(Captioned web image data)
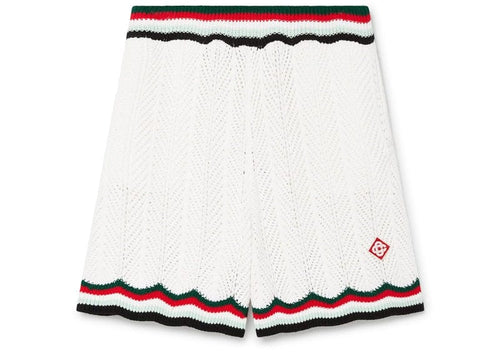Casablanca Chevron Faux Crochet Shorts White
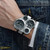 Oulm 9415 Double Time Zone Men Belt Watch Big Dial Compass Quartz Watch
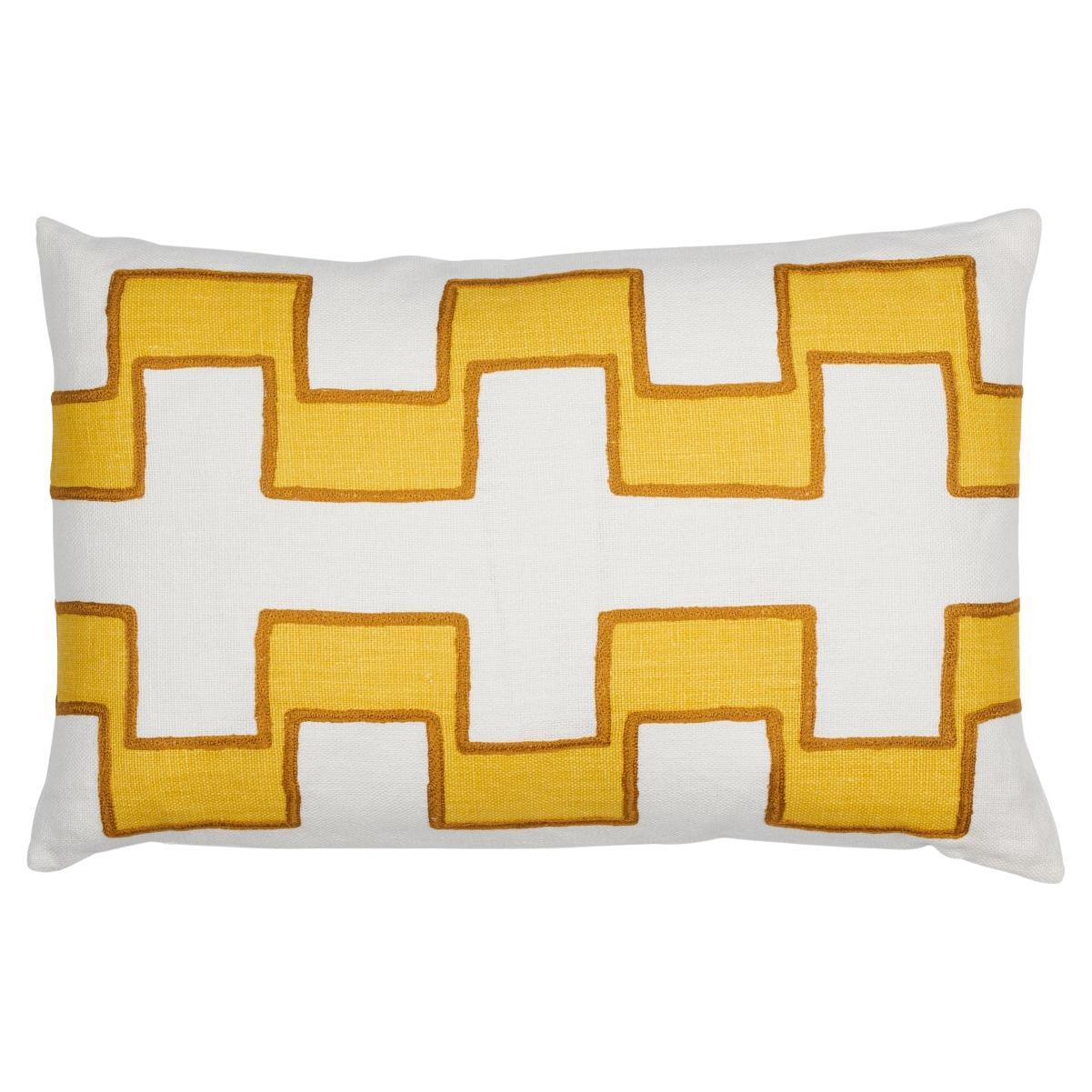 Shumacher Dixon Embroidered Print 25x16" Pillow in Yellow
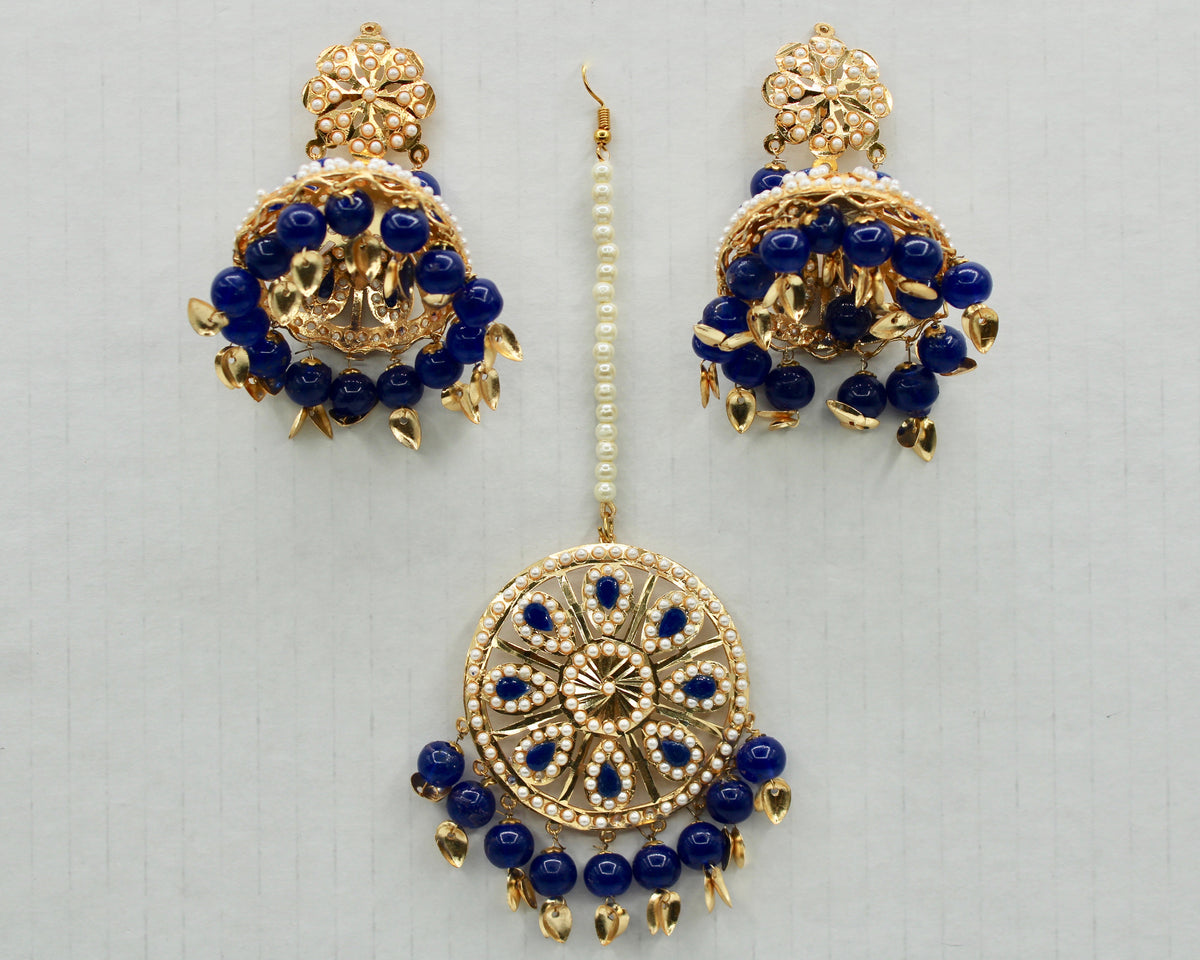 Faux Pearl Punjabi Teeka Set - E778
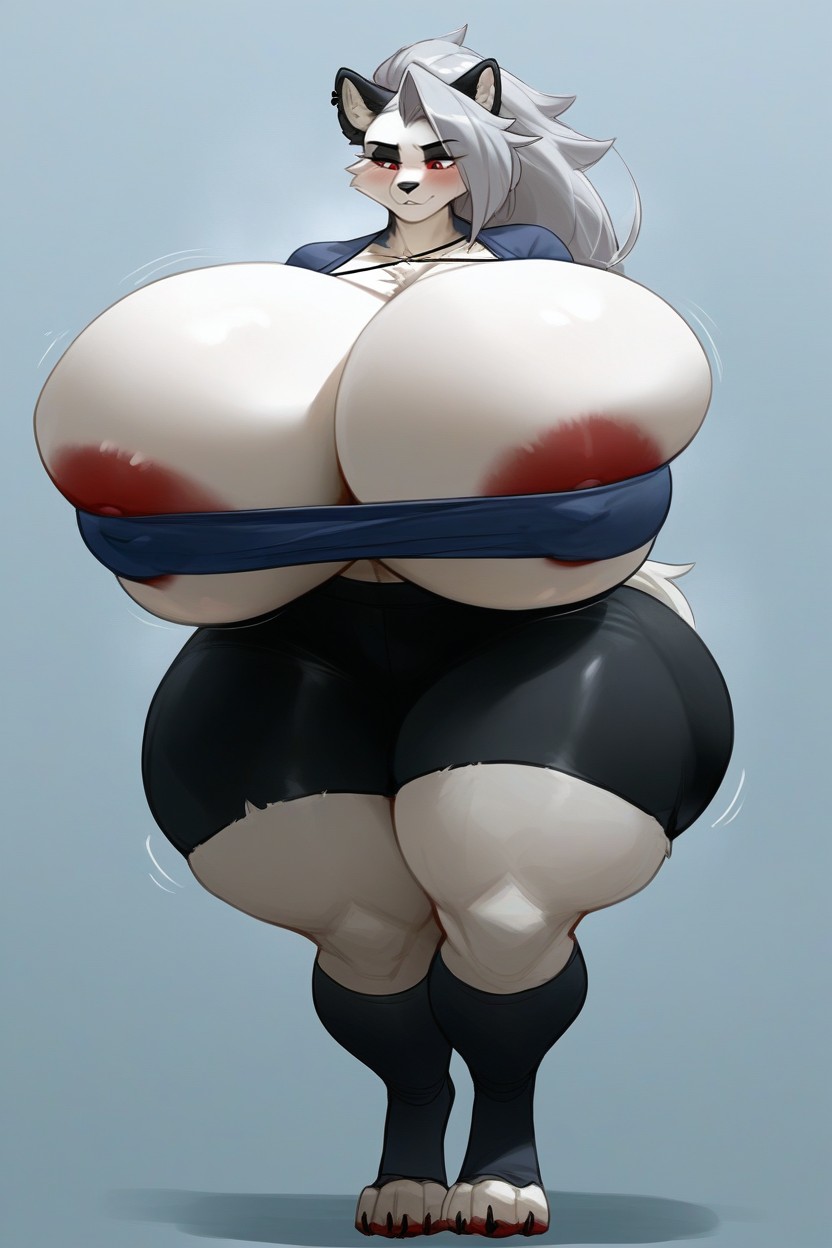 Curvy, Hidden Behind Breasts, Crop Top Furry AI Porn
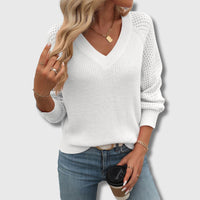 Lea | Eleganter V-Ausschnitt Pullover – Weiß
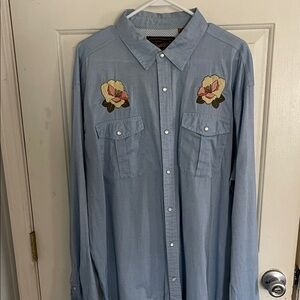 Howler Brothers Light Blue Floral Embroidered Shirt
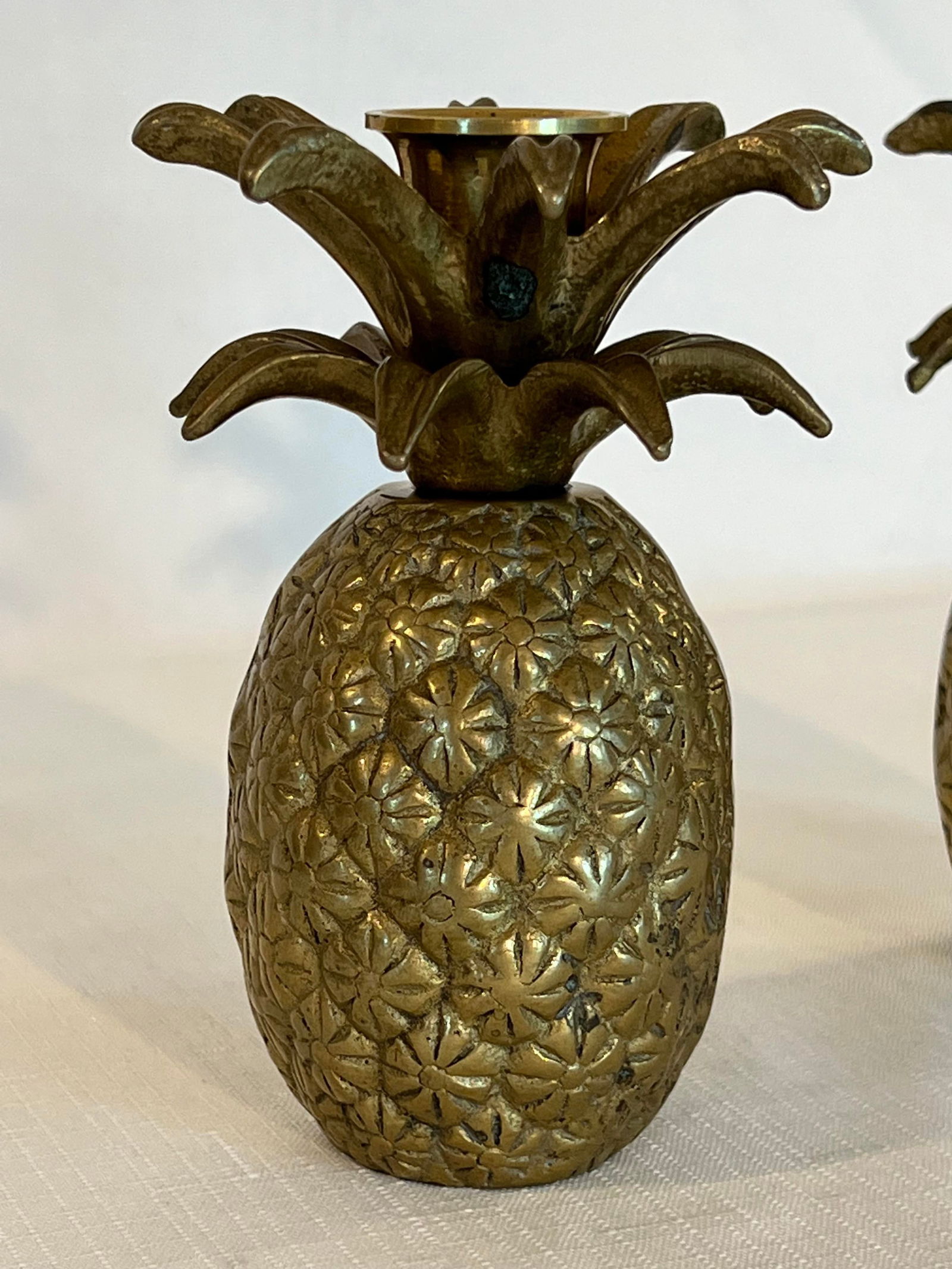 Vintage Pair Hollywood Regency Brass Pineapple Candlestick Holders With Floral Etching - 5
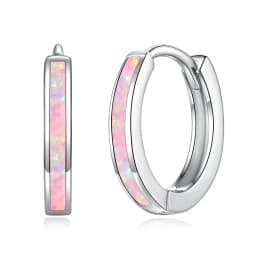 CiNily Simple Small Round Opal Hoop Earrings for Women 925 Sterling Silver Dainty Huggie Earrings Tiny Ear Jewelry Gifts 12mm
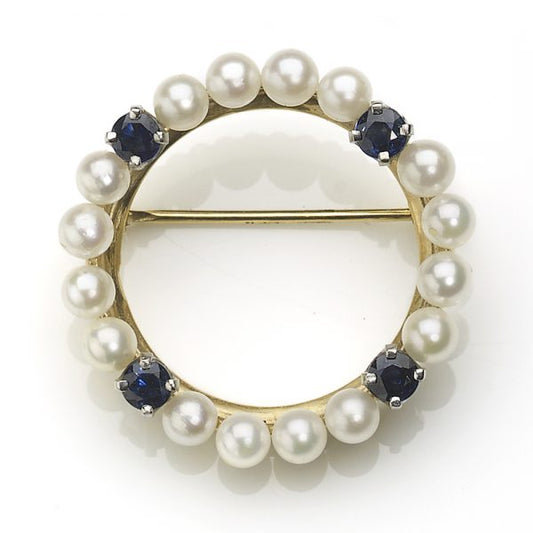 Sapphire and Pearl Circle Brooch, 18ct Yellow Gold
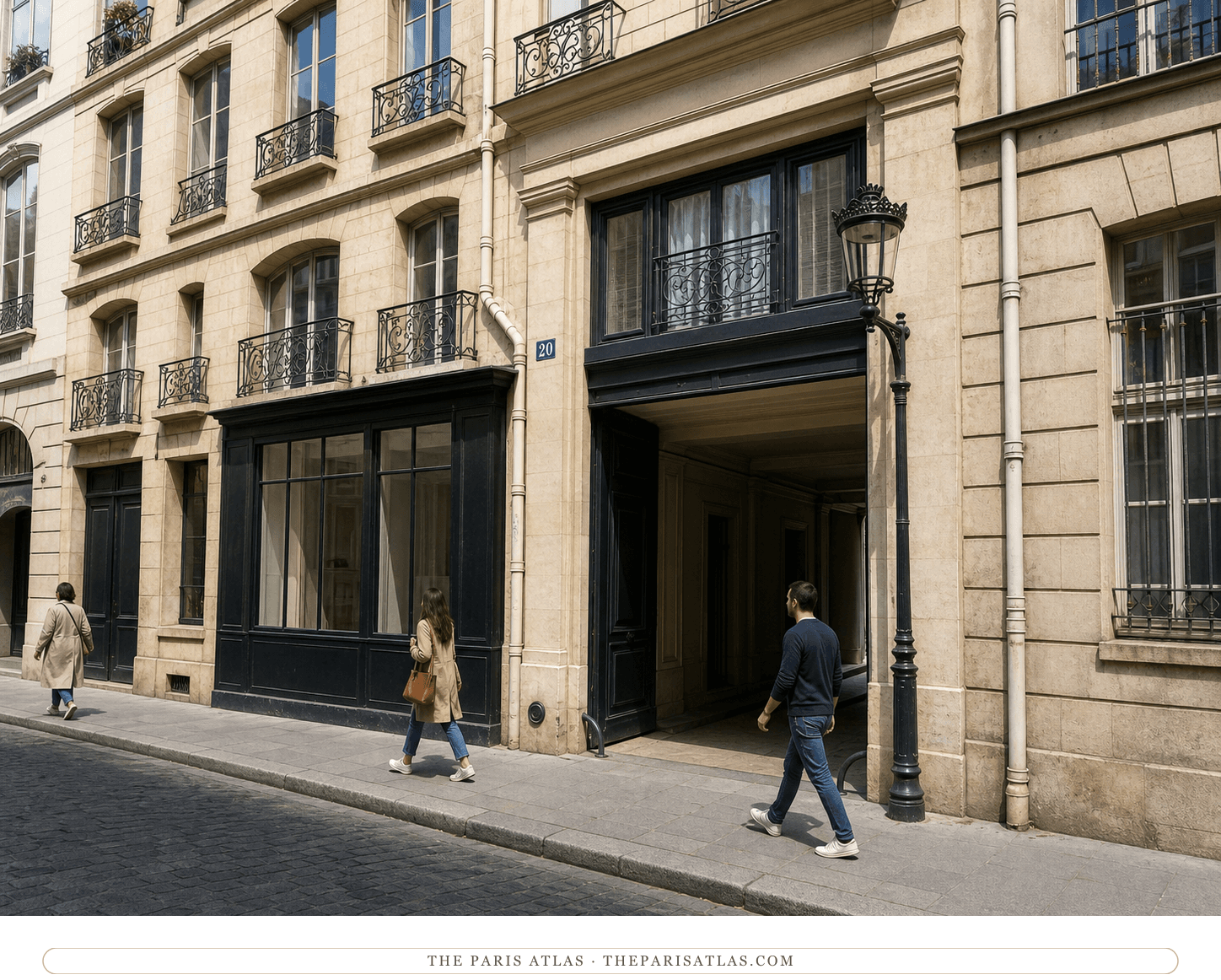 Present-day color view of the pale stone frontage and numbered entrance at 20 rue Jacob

▶ WHAT NEEDS TO BE DONE
What you need to produce is an exact copy of the entries above, limited to the lines from the one with "Faux Pearl Punjabi Teeka Set - E778" up to and including the one with "Vintage Pair Hollywood", without pictures.

▶ REPLY TO THE TASK
 Faux Pearl Punjabi Teeka Set - E778
 Curvy, Hidden Behind Breasts, Crop Top Furry AI Porn
 Lea | Eleganter V-Ausschnitt Pullover – Weiß
 Howler Brothers Light Blue Floral Embroidered Shirt
 Vintage Pair Hollywood Regency Brass Pineapple Candlestick Holders With Floral Etching - 5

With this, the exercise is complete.